═════ INFORMATION SUPPLIED ═════

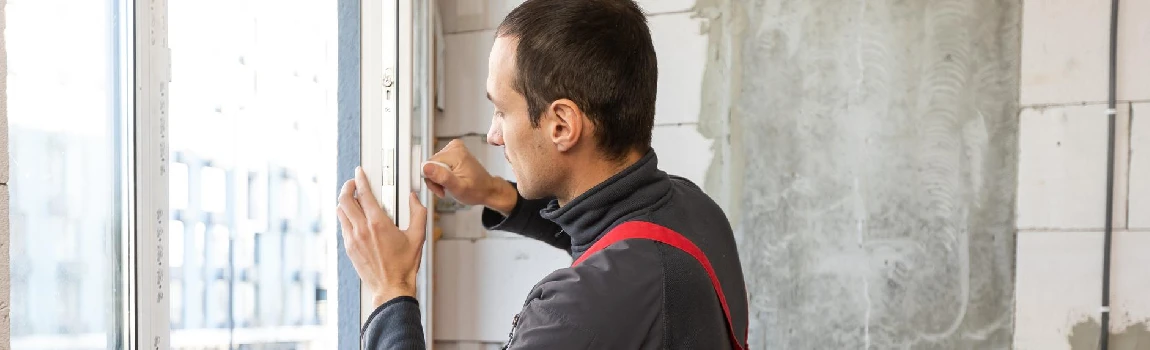 Emergency Cracked Windows Repair Services in Bonita Springs, FL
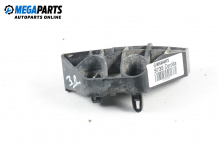 Bumper holder for Toyota Corolla (E140/E150) 1.6, 132 hp, sedan automatic, 2009, position: rear - right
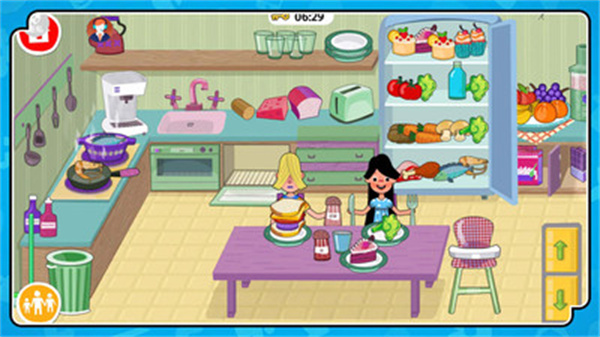 开心甜甜圈截图1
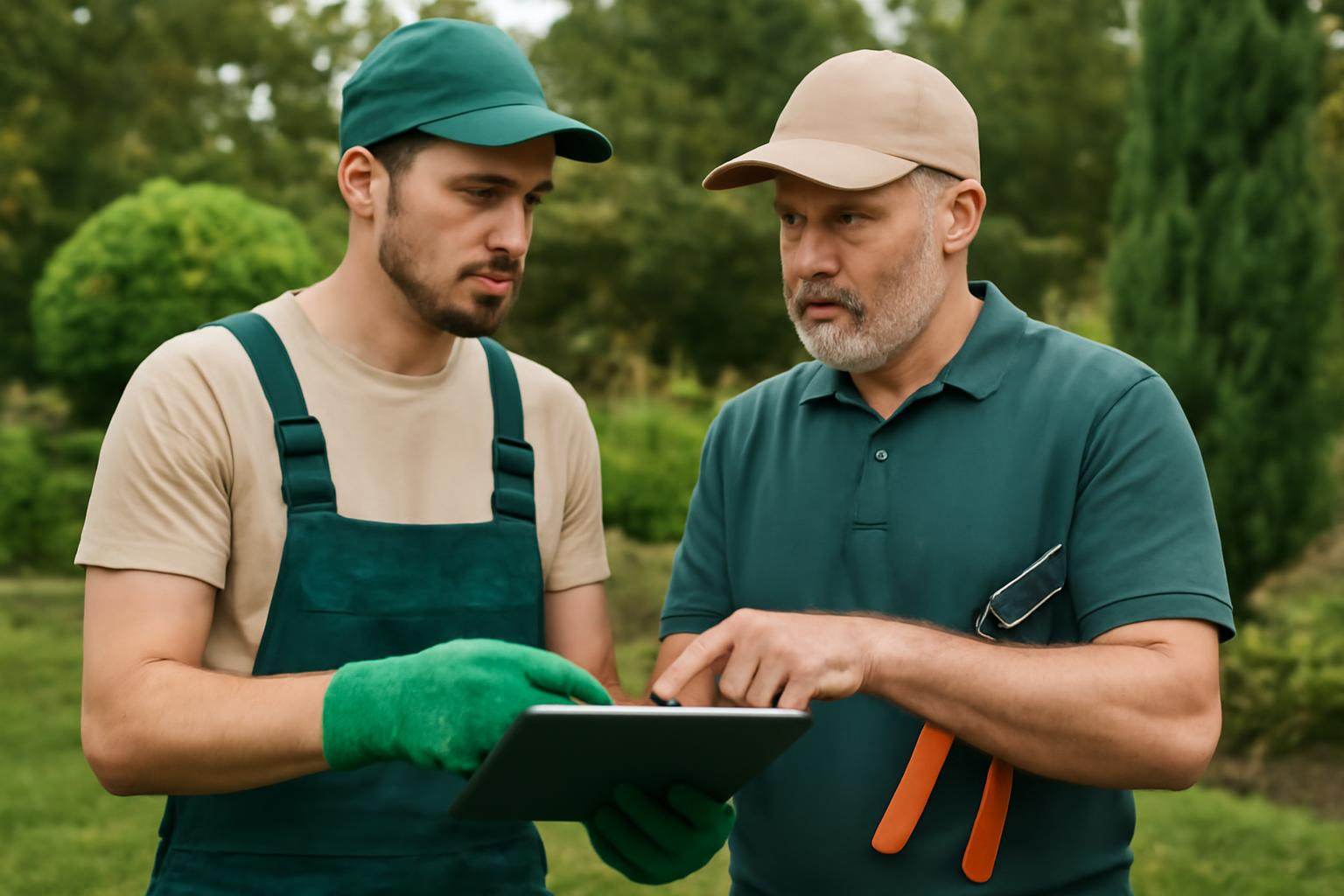 Jardineros en Cáceres: Cómo seleccionar al profesional ideal y qué datos proporcionar para un servicio eficaz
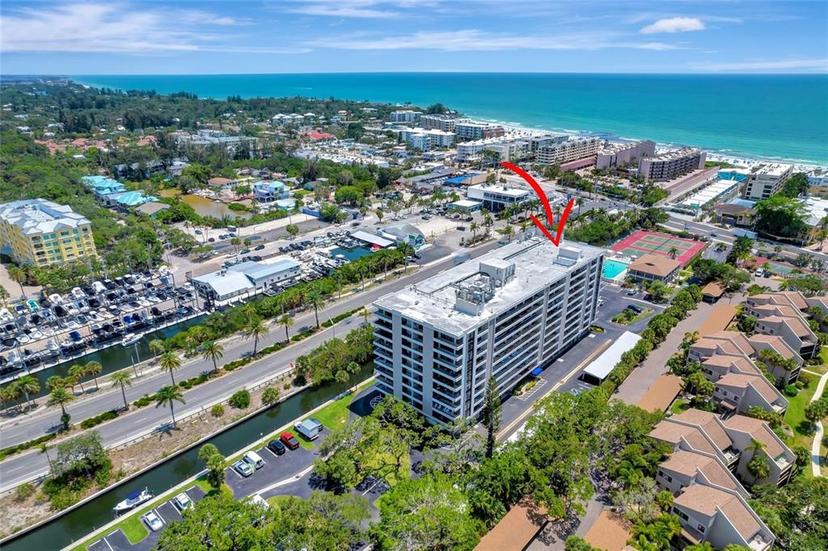 Picture of 6415 Midnight Pass Road Unit 211, Sarasota FL 34242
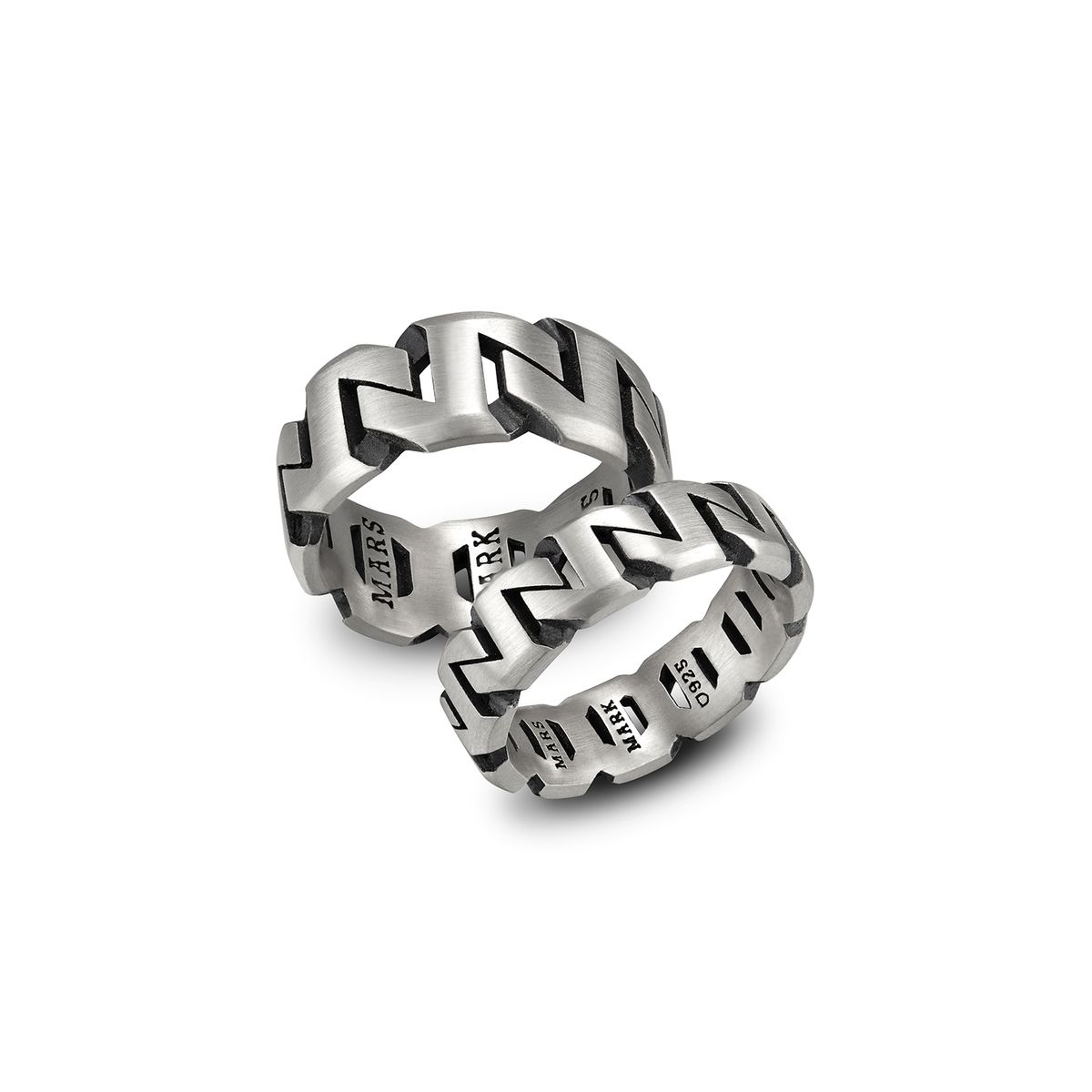 마르스마크(MARS MARK) Mars Chain Ring No.3
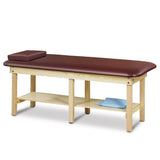 Clinton 6190 Classic Heavy-Duty Treatment Table W/ Shelf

═════

PROMPT: Where a line contains "Jardineros en Cáceres: Cómo", begin there and set down exactly each line through the end of the data above, omitting any pictures.

SOLUTION FOR THIS PROBLEM:
 Jardineros en Cáceres: Cómo seleccionar al profesional ideal y qué datos proporcionar para un servicio eficaz
 Picture of 6415 Midnight Pass Road Unit 211, Sarasota FL 34242
 마르스마크(MARS MARK) Mars Chain Ring No.3
 Clinton 6190 Classic Heavy-Duty Treatment Table W/ Shelf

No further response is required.